Graham: But the fact that he had and exercised as aggressively as he did his special entrée at the White House raises questions about why was he using that special entrée, for instance, to get people who were persons of interest to U.S. intelligence and law enforcement out of the country before they could be interviewed.
Jay: So I’m going to say something which I think all you can do is say, I can’t comment on, but I’m going to say it. If you’re right—and I’m going to take what you said even a little further, which—if you are right that Bandar knew this was going on, then he’s sitting meeting with his friend President Bush regularly in the days leading up to 9/11 and either not saying anything or somehow does. I mean, I know you know there’s a lot of theory—and, I think, a lot of evidence that would at least require an inquiry—that there’s a deliberate attempt not to know. It’s not just lack of—just incompetency and—. I mean, to believe that it’s just incompetency, then you have to think it’s like the Keystone Cops of intelligence agencies: they’re just tripping all over each other. But that seems hard to believe.
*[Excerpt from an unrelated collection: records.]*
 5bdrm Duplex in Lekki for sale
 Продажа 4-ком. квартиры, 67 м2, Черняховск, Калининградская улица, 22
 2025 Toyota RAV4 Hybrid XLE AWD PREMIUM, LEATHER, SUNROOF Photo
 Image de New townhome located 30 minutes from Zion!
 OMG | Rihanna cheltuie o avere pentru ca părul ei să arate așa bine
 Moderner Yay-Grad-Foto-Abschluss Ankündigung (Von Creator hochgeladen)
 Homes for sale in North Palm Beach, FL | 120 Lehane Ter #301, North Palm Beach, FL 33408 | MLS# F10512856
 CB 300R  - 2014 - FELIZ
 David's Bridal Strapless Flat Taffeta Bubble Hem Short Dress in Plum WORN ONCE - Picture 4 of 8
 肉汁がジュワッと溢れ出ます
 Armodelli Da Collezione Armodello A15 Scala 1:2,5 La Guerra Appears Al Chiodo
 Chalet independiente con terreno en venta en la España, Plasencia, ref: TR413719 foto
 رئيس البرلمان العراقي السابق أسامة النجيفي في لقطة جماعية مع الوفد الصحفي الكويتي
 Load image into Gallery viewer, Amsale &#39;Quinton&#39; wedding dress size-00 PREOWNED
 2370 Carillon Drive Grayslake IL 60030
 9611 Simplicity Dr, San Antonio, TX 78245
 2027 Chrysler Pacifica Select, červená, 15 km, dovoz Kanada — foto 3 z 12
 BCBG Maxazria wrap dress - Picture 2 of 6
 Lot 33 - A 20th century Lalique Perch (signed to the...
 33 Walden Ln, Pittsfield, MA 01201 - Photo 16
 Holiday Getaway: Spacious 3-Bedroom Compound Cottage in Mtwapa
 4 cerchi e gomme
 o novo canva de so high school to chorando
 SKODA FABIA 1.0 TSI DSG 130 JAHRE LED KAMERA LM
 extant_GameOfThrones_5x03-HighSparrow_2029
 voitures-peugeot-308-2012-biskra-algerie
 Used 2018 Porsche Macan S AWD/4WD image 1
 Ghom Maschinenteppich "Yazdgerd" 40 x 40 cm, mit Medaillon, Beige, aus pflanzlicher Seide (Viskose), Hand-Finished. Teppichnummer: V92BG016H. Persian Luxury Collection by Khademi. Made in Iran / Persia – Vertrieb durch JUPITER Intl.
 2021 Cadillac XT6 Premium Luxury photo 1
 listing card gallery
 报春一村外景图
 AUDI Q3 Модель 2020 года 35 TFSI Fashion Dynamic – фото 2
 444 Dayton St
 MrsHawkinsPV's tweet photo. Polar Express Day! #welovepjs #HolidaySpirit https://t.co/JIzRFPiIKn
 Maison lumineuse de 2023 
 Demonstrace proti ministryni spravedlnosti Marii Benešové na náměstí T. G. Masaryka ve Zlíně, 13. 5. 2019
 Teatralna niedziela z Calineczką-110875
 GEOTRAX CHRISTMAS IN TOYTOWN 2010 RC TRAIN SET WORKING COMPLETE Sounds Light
Graham: Well, and also the fact that it was so pervasive that virtually all of the agencies of the federal government were moving in the same direction, from a customs agent at an airport in Orlando who was chastised when he denied entry into the United States to a Saudi, to the president of the United States authorizing large numbers of Saudis to leave the country, possibly denying us forever important insights and information on what happened. You don’t have everybody moving in the same direction without there being a head coach somewhere who was giving them instructions as to where he wants them to move.
Jay: So that includes before and after the events.
Graham: Primarily before the event. After the event, it shifts from being an action that supports the activities of the Saudis to actions that cover up the results of that permission given to the Saudis to act.
Jay: So I’ll put you a little bit on the spot here. Would it be—in this new commission that we hope comes, would it be a legitimate line of inquiry into whether President Bush and/or Vice President Cheney knew something might be coming and didn’t do anything about it, in fact may have actually taken action in the sense of creating a culture of not wanting to know?
Graham: Well, without by giving this answer inferring that I believe that they did in fact have reason to believe that this attack was about to occur and made a conscious decision to suppress that information, if there were any evidence—and to my knowledge there is none—of course that would be a line of inquiry that would be central to answering the question of what was the Saudis’ role and why did the United States cover it up.
Jay: Thanks very much for joining us, Senator Graham.
Graham: Thank you. I appreciate the opportunity to talk about some issues that, although it’s been more than a decade ago when this horrific event occurred, I think have real consequences to U.S. actions today.
Jay: There is so much detail to all of this, and particularly a lot of detail in Senator Graham’s book. So I urge you to get the book. It’s Intelligence Matters. And you’ll see a lot of the things we couldn’t explore in this interview in the book.
Thanks very much for joining us on Reality Asserts Itself on The Real News Network.